Marcus: We don’t like brandy.

Wilson: You don’t like brandy.

DIGRESSION ABOUT ABSINTHE AND RITUAL CHAIRED BY ALEX

Marcus (re: Absinthe): So it’s not like the sugar is dissolving, it’s just (hand wiggle) dissolving.

Hemmingway seemed to be the author of literary meatheads and high-school English classes. We are not literary meatheads and apparently did not go to high school.

ADB: It was just drunk, bangin’, drunk. In Tropic of Capricorn, there was a lot more to discuss and get riled about.

Marcus: In comparison to Tropic of Capricorn, Sun Also Rising seems more simple. It’s good to have that juxtaposition of another writing style.

Mike: Sun Also Rises was modernist/existential, but unlike Pound et. al. made no allusions to stuff that came before. The style is more shallow and cinematic.
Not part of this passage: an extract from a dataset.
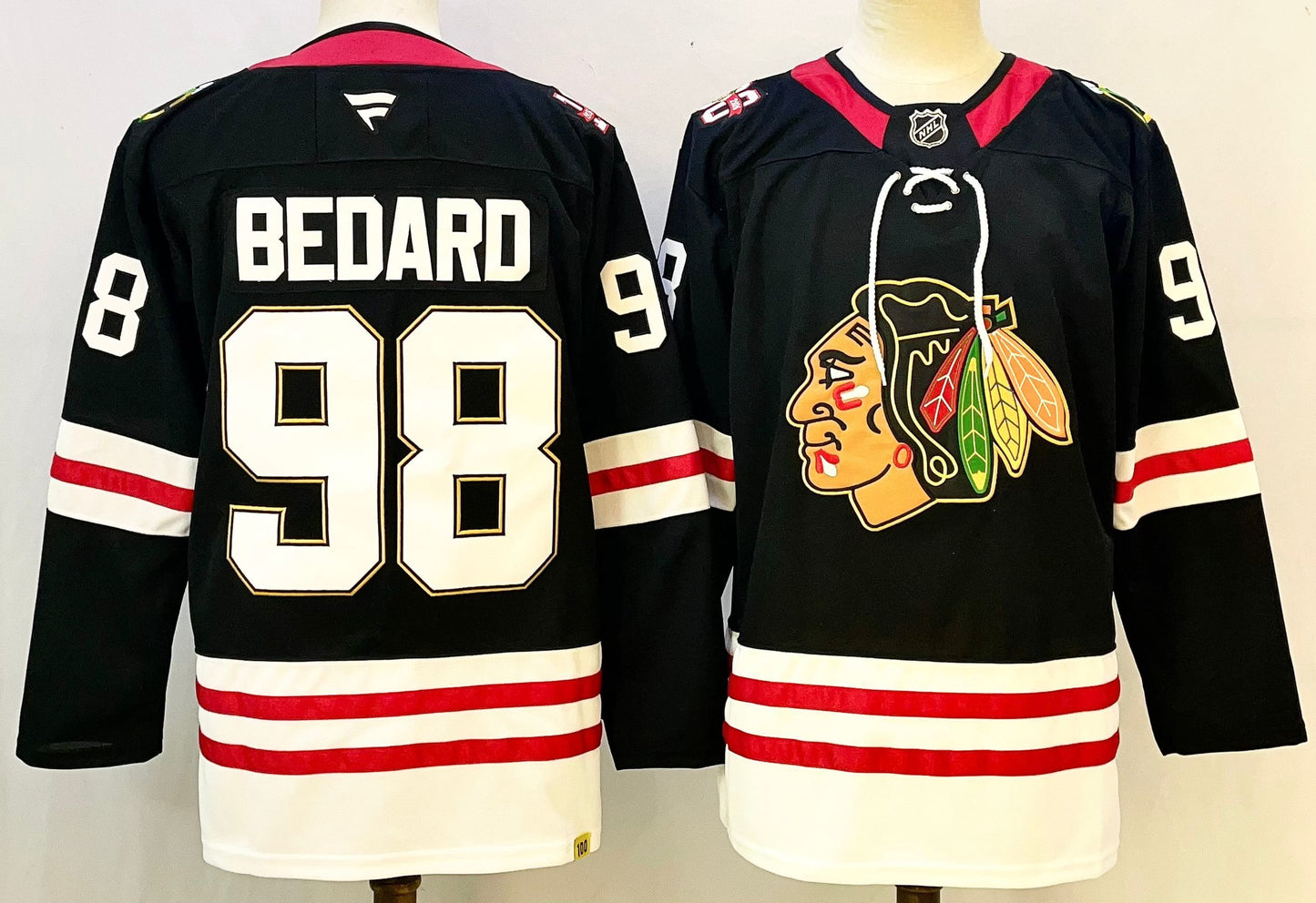 Men's Chicago Blackhawks Connor Bedard #98 Black Premium Player Jersey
Wilson: maybe SAR delivered as well or better than ToC, but with more subtlety. ToC was easier to talk about because it was so heavy-handed and over-the-top.

SAR & ToC similar:

Marcus: Hemmingway was not anti-Semitic.

Wilson (smelling conspiracy theory): Yes he was. Cohn was set apart from the group and I think it was because of what Hemmingway viewed as a certain "Jewishness" which he then wrote into the character.
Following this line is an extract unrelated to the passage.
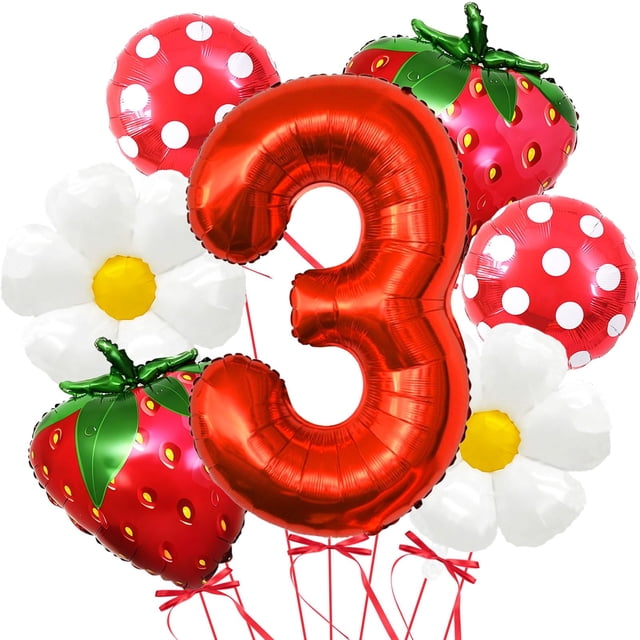 Set de globos con forma de fresa Corabsar para niña de tercer cumpleaños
Marcus: It can be viewed both ways.

Wilson: Oh yeah.

Mike: Except for Bill & Jake, all of the characters are tragic.

Bill is Jake’s boy and loves getting drunk. He is not attracted to Brett – really – but hated Cohn. In the grey world that they inhabited, Bill was one of the good guys. He wouldn’t pile on and kick the others while they were down.

Mike: Let’s talk about the Cohn meltdown.

Dan: Crazy.


Marcus: Crazy

Mike: Crazy…vivid shit.

Marcus: Joe Conaty style meltdown – HOLLA! Write it down.

THE CHILI AGAIN TAKES CENTER STAGE

Dan: It’s not spot on, but it feels like chili.

Marcus: Something I noticed was the at the sleep schedules. People were always passing out, being put to bed, being woken up, etc. at all hours. It contributed to the strange sense of time. The bars and cafes were always open and they got a drink whenever they happened to be conscious.

Between Paris & Spain, Paris’s time schedule was more standard. People would talk about seeing each other the next night while in Spain, it was just a sloppy, writhing mess.

Mike: They are all in their mid-thirties, how do they drink so much at their age? I can barely do what we do at Book Club.

Marcus: Jenny now tells me that when I get really drunk, I’m not just drunk, I’m Book Club Drunk. It’s at once troubling and rewarding.

Dan: It’s smoother without the whiskey.

Mike: Yeah – Wilson’s not yet in tears.

(Mike pats Wilson’s shoulder and smiles, Wilson smiles while trying to blink back tears)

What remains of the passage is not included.